The Author's "Wall of Shame"

I have fourteen stringed instruments hanging in my music studio, on what I call my Wall of Shame. For years and years, I had only one instrument, a 1972 Martin D18 acoustic guitar that I bought new for $450 from a music store on Yonge Street in Toronto. That was a lot of money for me at the time and I loved that guitar more than anything else I'd ever owned. Whenever I've been asked, as happens in workshops on "values clarification," what I would take with me from my burning house, it was always the Martin.


I wrote and performed dozens of songs on that guitar, maybe hundreds. It was rich and mellow, and it only got better with age ... until, after forty-five years, I had to get it repaired. The neck was bowing, raising the strings above the fretboard, making it harder to play. It didn't have a truss rod, as modern guitars do, where a quarter turn with an Allen key and the thing would have fixed itself. So, it required a full neck job, an exacting procedure that involved removing the neck completely and reinstalling it. The shop would have it for six weeks, the technician only doing a little work on it at a time, the job being that intense.


Feeling disloyal, unfaithful even, I decided to rent another guitar in the interim. That got me playing a lot of guitars I'd never played before. I was like a kid, trying all these instruments and feeling how each one brought something new to my playing. I settled on a Gibson Hummingbird. The thing was fast for picking and loud for strumming and when I got the Martin back I found myself in a bit of a quandry. But also, as enamoured as I was by the Hummingbird, the Martin wasn't the same after its time in the shop. It didn't feel as responsive to my touch, it didn't boom as it once did. So, fatefully, I took my first turn down Guitar Road. I gave my beloved Martin to my son, a budding songwriter in his own right, and I bought for myself that Gibson.


From there, there was no stopping me: four electric guitars, two amps, two pedal boards, a banjo, a mandolin, a ukulele, a travel guitar, a tenor guitar, a baritone, a twelve-string, a nylon-string, each new instrument introducing me to a new range of creative possibilities. And the songs kept coming. I once quipped onstage that if ever a songwriter was in a slump, all they needed to do was lay down some hard cash on a new instrument. I had just purchased a new guitar myself and at the rate the new songs were coming I figured they were only costing me about five hundred dollars a pop. As if money could buy magic.
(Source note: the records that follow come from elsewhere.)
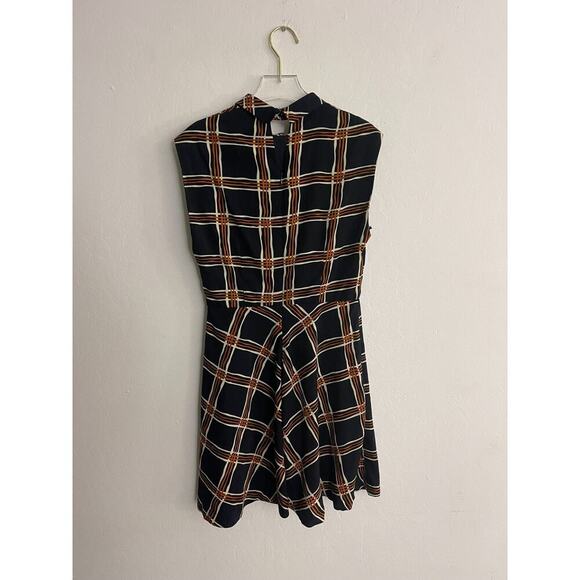 Louche Anthropologie XS Dress Windowpane Plaid Sleeveless Navy Blue Mini Preppy - Picture 5 of 7
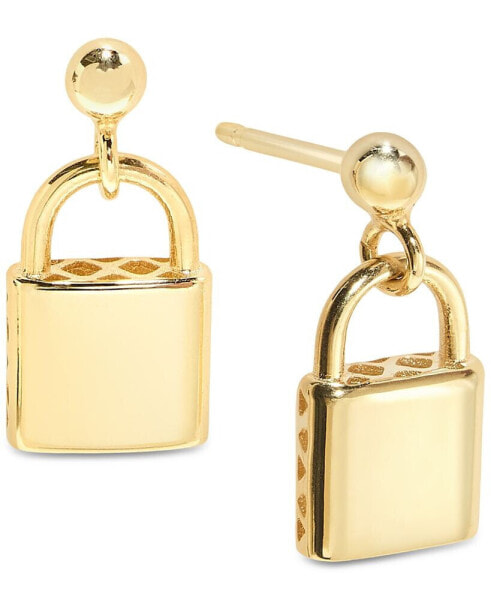 Padlock Inspired Polished Drop Earrings in 10k Gold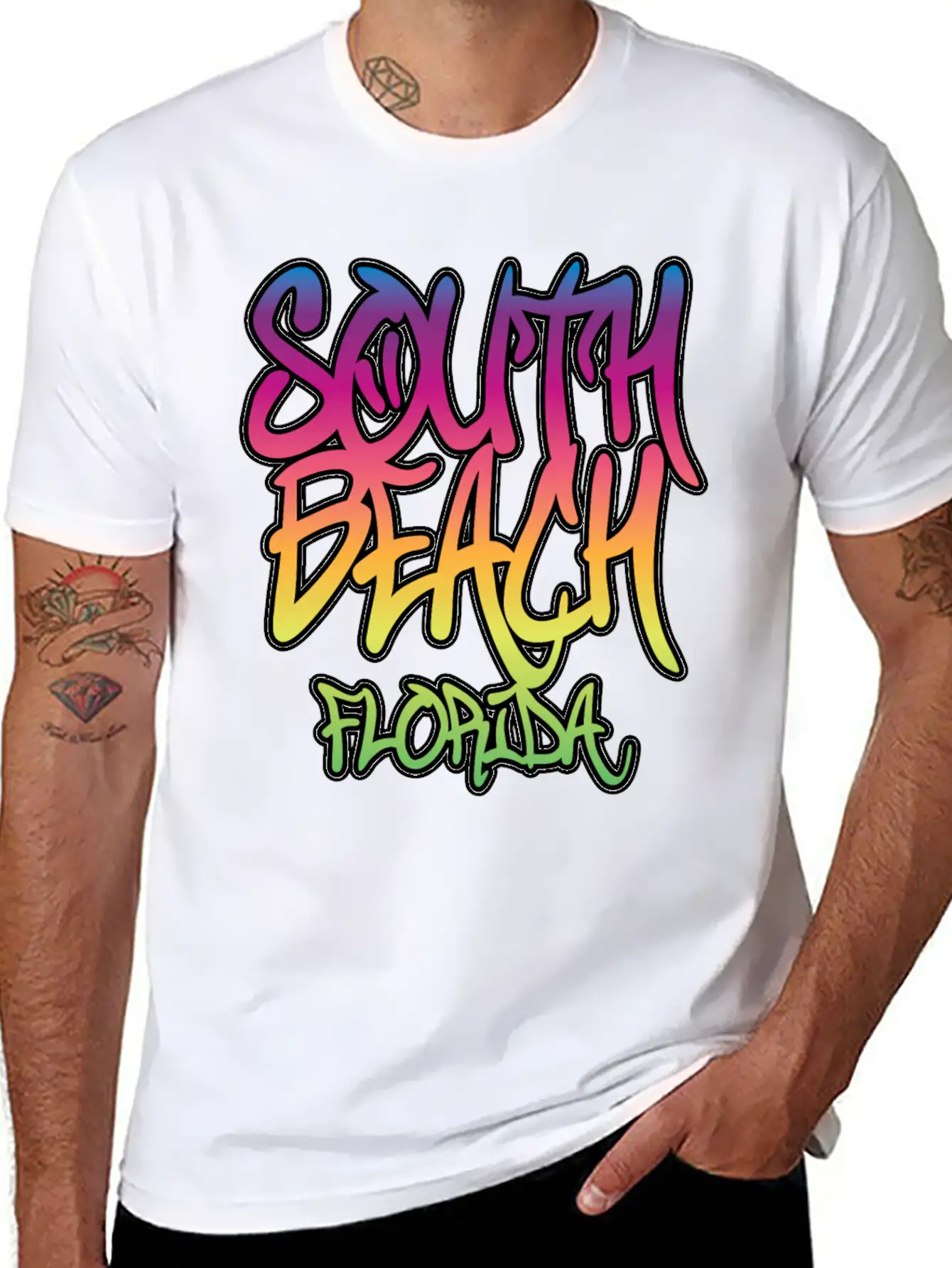 South Beach Graffiti B Unisex Casual T-Shirt – Clean Design For Daily Comfort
Billy Wynne, with whom I spoke for this week's episode of The Mystic Cave, would understand this completely. For one thing, he is a musician, so he would have his own version of Guitar Road. But he is also a health and well-being entrepreneur and a meditation teacher and mindfulness coach, so he knows the fleeting satisfaction of 'more' and the insatiable thirst that is never quenched when we are in the clutches of our need for 'more'. His recent book, The Empty Path, invites us all, even the guitar buyers, to pause and to breathe and to consider what he calls "the radical art of lessening."


It's not what you think. There's the art of decluttering, which is related, but not the same. There's the art of letting go, which, Wynne says, can actually be the opposite of lessening. And it's not just about down-sizing, though that may follow. It's the realization that whatever we desire, as 'more', is an illusion in the first place. That's why it never satisfies. All of life as we know it is made of assumptions, like: there's not enough to go around; something is missing; we ourselves are inadequate. We think 'more' is the answer. It's not. 'Less' is the answer, leading us ultimately to emptiness itself, where we can finally recognize the extravagant abundance of each passing moment, the momentary glory of each impermanent thing, and the fullness found in ... nothing at all.


Instinctively, I have known this all along. In fact, just a few months ago, I put one of my guitars and one of my amps up for sale, the first step toward dismantling my Wall of Shame. It's time. While I have had a lot of fun exploring each new instrument, in truth, none has replicated or improved upon the magic of a well-crafted song played on my beloved old Martin. 'More' has indeed been an illusion. It's now time to make do with less, turn around, and find my way back home.